Rigel berhenti di depan anak tangga yang mengarah ke lantai dua bangunan itu. Tampak lebih menyeramkan jika dilihat lebih dekat. Dari sudut matanya, gadis itu menangkap sesosok laki-laki yang berdiri di sudut ruangan.

"Hei!?"

Ketika menoleh, tak ada siapapun di sana. Rigel menyerngit, kemudian berdigik sendiri. Setelah menghela napas panjang, gadis itu memutuskan untuk menaiki satu persatu anak tangga di sana.

"Hei, ada orang!?" sekali lagi ia berteriak. Tapi sama saja, hanya gema yang menjadi jawaban. Bangunan itu terlalu besar dan suram untuk dirinya yang sendirian saat ini.

Lagi, ia melihat sosok laki-laki berpakaian serba putih berdiri di depan sebuah grand piano tua yang tampak usang di lantai dua. Ia bergegas naik, berusaha mengejar laki-laki itu.

"Siapa lo!?" tak ada jawaban apapun. Laki-laki misterius itu menghilang begitu Rigel sudah menapakkan kaki di ubin lantai dua.

Rigel melihat ke bawah. Ada banyak sosok bersayap hitam di sana, yang sepertinya tidak menyadari kehadiran Rigel. Tunggu, bukannya tadi sepi? Lantas bagaimana bisa ada banyak orang secara tiba-tiba di sana?

Rigel memilih menghiraukannya, berjalan pelan mendekati grand piano dengan denting piano itu sendiri terdengar ke segala penjuru bagian bangunan itu. Perasaannya makin kacau, ia ingin segera keluar dari tempat ini.

"Hei, ada orang!? Bantu gue keluar dari sini!" ia sekali lagi berteriak. Tetap saja, tak ada jawaban apapun dari seorang pun di sana, meski denting piano semakin terdengar nyaring di telinga.

Semakin dekat, Rigel bisa melihat sosok laki-laki dengan pakaian serba putih itu lagi duduk di kursi kecil piano, memainkan alat itu dengan penuh penghayatan.

"Rion?" kata itu keluar begitu saja dari mulutnya.

Sosok yang tengah memainkan piano itu berhenti, menoleh dengan tatapan penuh arti pada Rigel. "Akhirnya lo dateng, Ri...."

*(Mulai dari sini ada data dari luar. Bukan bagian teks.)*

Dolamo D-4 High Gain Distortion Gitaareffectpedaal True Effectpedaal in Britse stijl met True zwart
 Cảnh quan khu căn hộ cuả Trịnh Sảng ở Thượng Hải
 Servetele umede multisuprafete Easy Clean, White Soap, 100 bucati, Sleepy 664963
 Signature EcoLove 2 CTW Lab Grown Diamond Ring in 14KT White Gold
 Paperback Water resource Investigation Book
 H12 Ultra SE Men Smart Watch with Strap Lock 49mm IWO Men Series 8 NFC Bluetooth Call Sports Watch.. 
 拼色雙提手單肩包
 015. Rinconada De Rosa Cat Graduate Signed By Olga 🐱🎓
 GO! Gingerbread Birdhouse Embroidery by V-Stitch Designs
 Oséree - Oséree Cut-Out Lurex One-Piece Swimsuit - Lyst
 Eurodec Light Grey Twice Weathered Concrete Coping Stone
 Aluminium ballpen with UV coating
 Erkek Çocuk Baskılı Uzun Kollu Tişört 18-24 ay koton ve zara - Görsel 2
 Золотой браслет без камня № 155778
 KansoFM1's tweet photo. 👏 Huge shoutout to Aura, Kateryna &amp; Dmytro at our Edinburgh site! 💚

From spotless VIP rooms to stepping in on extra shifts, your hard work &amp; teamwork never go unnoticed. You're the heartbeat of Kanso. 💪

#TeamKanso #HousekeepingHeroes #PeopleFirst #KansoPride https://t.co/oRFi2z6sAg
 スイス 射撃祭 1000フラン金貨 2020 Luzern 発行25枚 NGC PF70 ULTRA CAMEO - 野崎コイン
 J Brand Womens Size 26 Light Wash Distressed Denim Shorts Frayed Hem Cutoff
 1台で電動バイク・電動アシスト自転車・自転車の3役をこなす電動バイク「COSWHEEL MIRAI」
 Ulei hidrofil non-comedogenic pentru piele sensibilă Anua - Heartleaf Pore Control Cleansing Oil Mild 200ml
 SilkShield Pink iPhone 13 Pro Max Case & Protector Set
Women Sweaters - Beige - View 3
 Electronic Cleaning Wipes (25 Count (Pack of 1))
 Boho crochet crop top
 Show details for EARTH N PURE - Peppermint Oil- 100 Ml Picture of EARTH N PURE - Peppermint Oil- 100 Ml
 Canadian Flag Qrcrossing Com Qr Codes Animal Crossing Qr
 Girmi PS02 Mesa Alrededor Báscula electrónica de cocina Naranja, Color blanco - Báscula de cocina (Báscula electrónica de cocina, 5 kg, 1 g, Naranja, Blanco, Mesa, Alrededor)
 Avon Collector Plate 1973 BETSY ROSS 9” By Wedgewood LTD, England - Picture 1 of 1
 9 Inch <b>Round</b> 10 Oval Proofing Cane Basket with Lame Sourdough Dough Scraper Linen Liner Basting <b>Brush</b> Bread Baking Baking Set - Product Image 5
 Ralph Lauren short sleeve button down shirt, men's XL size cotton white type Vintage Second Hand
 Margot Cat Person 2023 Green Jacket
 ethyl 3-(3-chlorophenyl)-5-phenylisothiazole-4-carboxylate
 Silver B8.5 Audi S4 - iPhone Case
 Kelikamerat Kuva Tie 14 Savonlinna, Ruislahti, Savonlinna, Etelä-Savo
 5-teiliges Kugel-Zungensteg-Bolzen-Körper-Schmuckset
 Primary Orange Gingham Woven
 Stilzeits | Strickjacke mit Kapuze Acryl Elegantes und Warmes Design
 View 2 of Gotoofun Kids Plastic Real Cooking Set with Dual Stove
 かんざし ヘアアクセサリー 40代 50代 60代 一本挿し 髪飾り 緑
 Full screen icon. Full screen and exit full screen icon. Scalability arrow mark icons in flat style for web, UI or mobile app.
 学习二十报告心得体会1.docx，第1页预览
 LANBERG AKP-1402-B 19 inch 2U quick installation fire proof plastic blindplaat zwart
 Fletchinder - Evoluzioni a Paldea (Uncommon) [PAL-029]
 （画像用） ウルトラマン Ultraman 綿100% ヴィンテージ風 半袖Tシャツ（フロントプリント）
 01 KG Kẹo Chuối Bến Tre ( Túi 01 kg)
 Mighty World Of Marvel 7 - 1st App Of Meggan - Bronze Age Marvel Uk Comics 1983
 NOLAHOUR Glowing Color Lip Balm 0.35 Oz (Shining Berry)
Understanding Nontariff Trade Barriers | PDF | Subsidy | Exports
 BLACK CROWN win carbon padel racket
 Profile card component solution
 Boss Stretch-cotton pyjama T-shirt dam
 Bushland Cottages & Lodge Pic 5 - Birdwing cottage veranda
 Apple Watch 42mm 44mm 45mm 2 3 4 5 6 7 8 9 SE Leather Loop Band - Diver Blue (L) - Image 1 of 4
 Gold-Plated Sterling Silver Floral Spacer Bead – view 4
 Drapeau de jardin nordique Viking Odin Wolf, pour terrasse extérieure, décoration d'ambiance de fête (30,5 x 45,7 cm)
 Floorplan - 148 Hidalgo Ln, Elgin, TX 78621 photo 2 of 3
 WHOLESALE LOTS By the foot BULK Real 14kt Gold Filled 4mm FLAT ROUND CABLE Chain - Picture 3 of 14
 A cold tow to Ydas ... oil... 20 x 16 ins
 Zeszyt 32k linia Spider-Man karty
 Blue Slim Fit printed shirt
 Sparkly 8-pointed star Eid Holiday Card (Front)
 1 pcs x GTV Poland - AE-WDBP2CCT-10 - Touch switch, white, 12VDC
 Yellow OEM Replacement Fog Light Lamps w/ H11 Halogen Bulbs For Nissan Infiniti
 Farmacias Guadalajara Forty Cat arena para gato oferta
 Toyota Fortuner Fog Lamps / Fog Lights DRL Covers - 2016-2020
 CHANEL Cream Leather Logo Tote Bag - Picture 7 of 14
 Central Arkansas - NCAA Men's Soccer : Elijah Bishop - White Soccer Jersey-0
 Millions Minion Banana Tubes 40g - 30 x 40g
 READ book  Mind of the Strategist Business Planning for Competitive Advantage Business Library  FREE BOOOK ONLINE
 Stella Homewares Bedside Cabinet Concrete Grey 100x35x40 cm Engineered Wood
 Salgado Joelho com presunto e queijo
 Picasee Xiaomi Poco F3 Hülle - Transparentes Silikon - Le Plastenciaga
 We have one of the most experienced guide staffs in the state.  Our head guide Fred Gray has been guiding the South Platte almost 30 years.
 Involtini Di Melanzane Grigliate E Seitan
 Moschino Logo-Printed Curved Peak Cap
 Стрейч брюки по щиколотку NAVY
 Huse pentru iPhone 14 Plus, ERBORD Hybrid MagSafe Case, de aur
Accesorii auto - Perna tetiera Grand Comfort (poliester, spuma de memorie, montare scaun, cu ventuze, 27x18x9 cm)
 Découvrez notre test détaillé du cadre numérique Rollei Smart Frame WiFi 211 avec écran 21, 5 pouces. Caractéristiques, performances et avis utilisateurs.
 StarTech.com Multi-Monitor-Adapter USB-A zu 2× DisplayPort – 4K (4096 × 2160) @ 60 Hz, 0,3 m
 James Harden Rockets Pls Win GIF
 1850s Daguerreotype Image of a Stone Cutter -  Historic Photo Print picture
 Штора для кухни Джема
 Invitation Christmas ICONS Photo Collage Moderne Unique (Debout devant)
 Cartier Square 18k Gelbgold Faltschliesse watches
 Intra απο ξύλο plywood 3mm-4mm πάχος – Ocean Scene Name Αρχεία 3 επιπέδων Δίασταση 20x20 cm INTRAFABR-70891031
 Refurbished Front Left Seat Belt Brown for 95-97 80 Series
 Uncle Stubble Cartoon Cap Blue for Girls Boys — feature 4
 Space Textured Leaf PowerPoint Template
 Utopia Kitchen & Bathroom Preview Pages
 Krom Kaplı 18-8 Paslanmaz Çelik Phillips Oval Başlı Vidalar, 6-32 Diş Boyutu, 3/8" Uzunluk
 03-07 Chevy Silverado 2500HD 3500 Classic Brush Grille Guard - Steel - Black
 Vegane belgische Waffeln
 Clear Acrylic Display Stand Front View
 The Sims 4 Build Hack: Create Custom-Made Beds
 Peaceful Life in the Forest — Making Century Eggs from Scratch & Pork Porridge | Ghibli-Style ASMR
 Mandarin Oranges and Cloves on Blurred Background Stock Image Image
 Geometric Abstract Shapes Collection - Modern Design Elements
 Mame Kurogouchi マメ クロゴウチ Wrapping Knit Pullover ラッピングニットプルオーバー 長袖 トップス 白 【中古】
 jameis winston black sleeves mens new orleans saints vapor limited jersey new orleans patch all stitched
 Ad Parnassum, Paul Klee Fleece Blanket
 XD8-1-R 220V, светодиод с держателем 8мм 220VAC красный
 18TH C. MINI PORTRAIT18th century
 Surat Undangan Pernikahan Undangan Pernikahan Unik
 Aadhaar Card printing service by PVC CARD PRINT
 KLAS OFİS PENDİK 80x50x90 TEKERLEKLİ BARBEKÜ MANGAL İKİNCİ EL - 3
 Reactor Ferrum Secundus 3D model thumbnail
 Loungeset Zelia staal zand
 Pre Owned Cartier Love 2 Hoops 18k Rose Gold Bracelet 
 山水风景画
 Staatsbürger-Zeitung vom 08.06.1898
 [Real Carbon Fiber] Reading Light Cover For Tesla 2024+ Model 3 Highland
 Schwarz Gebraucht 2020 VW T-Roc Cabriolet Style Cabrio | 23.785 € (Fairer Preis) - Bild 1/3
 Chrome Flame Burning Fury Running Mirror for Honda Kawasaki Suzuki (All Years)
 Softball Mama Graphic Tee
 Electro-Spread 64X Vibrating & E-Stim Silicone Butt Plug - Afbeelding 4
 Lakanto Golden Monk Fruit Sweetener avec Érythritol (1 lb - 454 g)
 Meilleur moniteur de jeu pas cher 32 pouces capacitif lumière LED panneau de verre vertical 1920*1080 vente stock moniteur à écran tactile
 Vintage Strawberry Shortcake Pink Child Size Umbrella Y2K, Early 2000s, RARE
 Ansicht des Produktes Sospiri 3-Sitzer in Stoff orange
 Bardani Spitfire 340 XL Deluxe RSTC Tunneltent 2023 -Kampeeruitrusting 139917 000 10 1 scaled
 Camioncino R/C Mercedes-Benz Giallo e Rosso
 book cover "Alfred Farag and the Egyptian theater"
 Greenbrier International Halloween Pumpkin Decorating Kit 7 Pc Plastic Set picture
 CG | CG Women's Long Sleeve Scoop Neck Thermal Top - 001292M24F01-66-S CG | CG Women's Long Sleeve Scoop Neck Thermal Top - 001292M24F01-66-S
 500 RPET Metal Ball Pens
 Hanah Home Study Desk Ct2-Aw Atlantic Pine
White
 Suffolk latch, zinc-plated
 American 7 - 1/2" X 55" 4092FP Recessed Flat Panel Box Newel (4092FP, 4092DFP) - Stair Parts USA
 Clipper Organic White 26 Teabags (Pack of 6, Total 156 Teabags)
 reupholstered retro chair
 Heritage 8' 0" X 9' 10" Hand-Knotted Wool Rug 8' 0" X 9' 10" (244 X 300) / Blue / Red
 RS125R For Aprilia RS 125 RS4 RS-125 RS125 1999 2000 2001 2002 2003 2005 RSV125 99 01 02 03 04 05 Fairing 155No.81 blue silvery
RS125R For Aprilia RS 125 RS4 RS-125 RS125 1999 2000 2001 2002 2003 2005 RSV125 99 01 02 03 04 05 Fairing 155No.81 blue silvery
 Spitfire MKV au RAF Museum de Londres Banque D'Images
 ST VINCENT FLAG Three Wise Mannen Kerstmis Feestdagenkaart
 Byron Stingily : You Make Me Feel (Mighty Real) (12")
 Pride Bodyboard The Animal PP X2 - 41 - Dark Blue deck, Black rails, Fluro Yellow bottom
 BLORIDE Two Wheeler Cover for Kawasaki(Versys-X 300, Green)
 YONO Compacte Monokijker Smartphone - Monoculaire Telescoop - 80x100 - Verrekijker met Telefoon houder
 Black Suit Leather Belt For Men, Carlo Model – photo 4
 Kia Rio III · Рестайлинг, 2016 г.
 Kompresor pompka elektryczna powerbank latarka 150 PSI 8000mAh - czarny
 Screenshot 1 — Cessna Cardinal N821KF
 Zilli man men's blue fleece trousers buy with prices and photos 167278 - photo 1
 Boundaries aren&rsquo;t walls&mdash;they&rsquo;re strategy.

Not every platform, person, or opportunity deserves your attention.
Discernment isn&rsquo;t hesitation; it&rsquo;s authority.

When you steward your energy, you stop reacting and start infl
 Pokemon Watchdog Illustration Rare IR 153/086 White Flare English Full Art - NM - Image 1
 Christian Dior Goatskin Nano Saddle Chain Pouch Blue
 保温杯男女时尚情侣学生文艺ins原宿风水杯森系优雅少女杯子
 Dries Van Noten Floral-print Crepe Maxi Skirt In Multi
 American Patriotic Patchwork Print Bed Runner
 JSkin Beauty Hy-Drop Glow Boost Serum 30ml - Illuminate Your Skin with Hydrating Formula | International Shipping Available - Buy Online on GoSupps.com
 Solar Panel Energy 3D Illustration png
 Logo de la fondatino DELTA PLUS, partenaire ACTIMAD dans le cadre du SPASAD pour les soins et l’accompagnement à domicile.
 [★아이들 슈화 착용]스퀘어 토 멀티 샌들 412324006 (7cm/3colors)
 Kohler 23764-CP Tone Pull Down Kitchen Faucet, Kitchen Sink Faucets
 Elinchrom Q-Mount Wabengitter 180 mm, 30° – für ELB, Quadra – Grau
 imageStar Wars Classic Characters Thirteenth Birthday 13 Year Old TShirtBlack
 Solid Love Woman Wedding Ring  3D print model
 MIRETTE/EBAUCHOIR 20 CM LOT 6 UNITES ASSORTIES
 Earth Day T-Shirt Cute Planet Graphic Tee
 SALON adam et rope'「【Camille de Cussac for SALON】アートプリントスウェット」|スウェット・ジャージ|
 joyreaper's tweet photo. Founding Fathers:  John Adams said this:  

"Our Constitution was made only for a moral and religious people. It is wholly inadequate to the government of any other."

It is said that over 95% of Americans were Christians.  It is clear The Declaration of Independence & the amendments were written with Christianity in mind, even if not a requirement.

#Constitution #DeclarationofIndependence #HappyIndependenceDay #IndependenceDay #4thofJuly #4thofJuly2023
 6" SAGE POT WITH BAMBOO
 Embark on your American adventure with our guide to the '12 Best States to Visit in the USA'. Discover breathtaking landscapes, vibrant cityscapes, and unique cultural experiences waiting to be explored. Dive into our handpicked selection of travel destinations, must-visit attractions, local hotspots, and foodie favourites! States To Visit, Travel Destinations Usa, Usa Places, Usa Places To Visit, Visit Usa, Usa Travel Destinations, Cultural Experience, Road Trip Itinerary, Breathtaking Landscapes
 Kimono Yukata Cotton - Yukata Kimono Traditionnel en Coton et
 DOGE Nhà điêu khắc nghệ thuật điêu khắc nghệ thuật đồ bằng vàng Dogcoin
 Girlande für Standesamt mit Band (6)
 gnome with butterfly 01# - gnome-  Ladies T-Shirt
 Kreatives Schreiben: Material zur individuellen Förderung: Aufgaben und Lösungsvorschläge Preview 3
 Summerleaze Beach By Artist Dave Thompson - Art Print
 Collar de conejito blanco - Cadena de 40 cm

"Ayo pulang...," lagi-lagi ucapan itu tak bisa dikontrolnya. Melihat Orion menggeleng, Rigel berubah menjadi sendu. "Kenapa?"

"Belum waktunya."

Rigel terdiam. Ia menunduk, berusaha menyembunyikan kesedihannya dari laki-laki yang sudah beranjak berdiri dan berada di hadapannya ini. Sontak, semua menjadi kembali sepi.

"Gel?"

Rigel mengangkat kepalanya, bersamaan dengan setetes air mata yang jatuh begitu saja tanpa bisa dicegahnya. Orion menangkup wajah mulus itu dan mengusap pipinya pelan.

"Love you...," begitulah yang bisa ditangkap pendengarannya. Rigel lebih fokus pada sepasang sayap putih yang berada di punggung Orion.

"Ayo pulang, Rion...."

Orion tak menjawab, memilih untuk membawa gadisnya ke dalam pelukan laki-laki itu dan membiarkan Rigel kembali mendengar detak jantungnya.

"Kita belum selesai, Rion...."

"Gue masih mau di sini, sebentar aja. Boleh ya?"

Rigel menggeleng. Bagaimana bisa laki-laki itu mengajukan sebuah hal yang sangat menyesakkan? Ia baru saja ingin selalu bersama dengan Orion, tapi ia seakan menolak takdirnya secara halus.